A Jo Malone storefront

Jo Malone, one of Estee Lauder's signature brands. Data source: The Estee Lauder Companies.

Brands can be an incredibly powerful competitive advantage over the short term that can command prices over commodity products and generate high returns. Conversely, a great brand can be very hard to preserve for long-term advantage. Trends and tastes change, and overambitious sales of luxury brands can cause a brand to lose its cachet. That's part of the appeal of Estee Lauder, though. Its suite of brands and private-label deals cover a wide range of prices and personal tastes that fit a spectrum of customers in the world of beauty and personal care. Also, by being a serial acquirer, it can restock its top-shelf offerings as pricing power erodes over time. Over the past three years, the company has acquired Editions de Parfume Frederic Malle, Kilian, Rodin, and Le Labo. You don't have to be a beauty expert to imagine the margins on these products when you glance at their online retail sites.

Online sales hint at the other thing Estee Lauder does exceptionally well: selling its products in the right places. Like many of its peers, the company has a presence in department stores, specialty retail, and a burgeoning e-commerce platform, but it also is investing heavily in its own branded brick-and-mortar stores as well as travel retail (think duty-free stores in international airports). This broad presence has allowed Estee Lauder to shake off the North American retail apocalypse and post rather impressive growth throughout 2017.

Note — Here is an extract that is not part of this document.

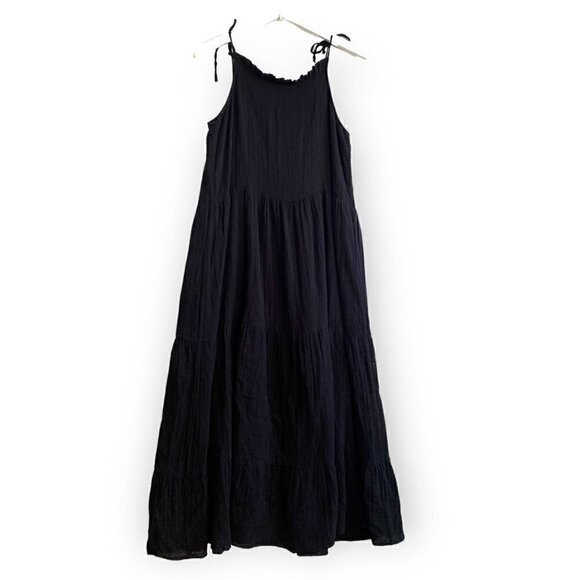 Anine Bing Agnes‎ Black Tie Shoulders Maxi Dress, Size L - Picture 4 of 13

One thing that I'm less excited about is the company's valuation. By every valuation metric imaginable, shares of Estee Lauder aren't cheap. The company is going to have to deliver those double-digit growth rates for several years in a row to justify its 22 times EBITDA multiple, but management has a decade-long history of generating returns on equity of 30% or more. As much as the value investor in me grates at the idea of paying that kind of premium, Estee Lauder is a quality business worth a premium to the market. 

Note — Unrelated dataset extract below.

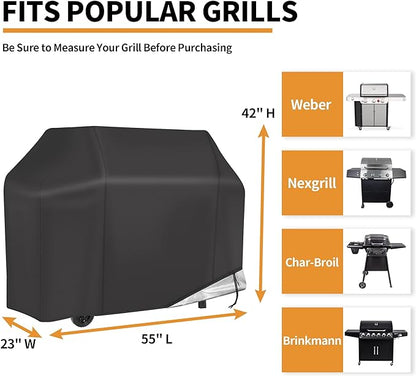 NEXCOVER Grill Cover, BBQ Cover 55 inch,Waterproof BBQ Grill Cover,Fade Resistant Gas Grill Cover, Barbecue Grill Covers, Fits Grill of Weber, Brinkmann, Nexgrill, Black Grill Cover for Outdoor Grill.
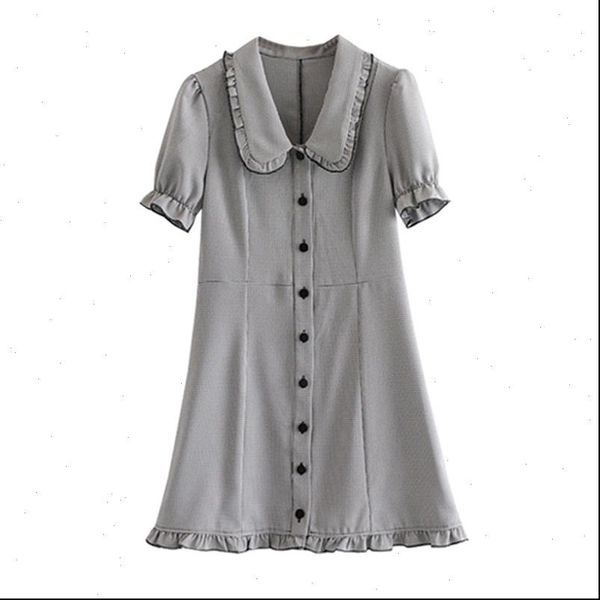 black white houndstooth ruffle turn dwon collar single breasted short sleeve mini dress spring elegant d1013 drop shipping, Black;gray
black white houndstooth ruffle turn dwon collar single breasted short sleeve mini dress spring elegant d1013 drop shipping, Black;gray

Don't beat the market -- be the market

One of the most reliable competitive advantages upon which an investor can build a thesis is one with high switching costs. If you have a business that makes it prohibitively expensive to leave your product or service, then you likely have a business that will have high rates of recurring revenue and cash flow generation. That description fits Intercontinental Exchange to a T, and its role as a global market maker is quite possibly the greatest example of a business with high switching costs. 

The easiest way to describe Intercontinental Exchange's -- also known as ICE -- business to people is to say that it is the company that owns the New York Stock Exchange. In reality, though, that is just scratching the surface of ICE. The company owns multiple equity exchanges such as the New York Stock Exchange globally as well as exchanges for derivative contracts -- options and futures -- ranging from energy, agriculture, and financial instruments. What makes ICE's exchange markets so sticky for customers is that they provide liquidity (large amounts of buyers and sellers) and transparency (fast and reliable data for pricing). In exchange, ICE takes a cut of every transaction. What's more, the company can sell all of that valuable exchange data to traders.

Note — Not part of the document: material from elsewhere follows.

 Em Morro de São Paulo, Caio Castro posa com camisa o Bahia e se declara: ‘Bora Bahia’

Here's the kicker for investors: It's an extremely high-margin business that generates gobs of free cash flow to reward shareholders. In 2017, ICE had a 51% operating margin and a 29% free cash flow margin (free cash flow divided by revenue). All of that cash has enabled the company to make a slew of acquisitions as well as return a healthy portion of cash to its investors through dividends and stock buybacks.

No business is immortal, but the switching costs in this one are immense (imagine a company switching from the NYSE to Chicago Stock Exchange. Oh, wait, ICE owns that, too). That makes ICE's business incredibly hard to disrupt and an investment I think will pay off over the long haul.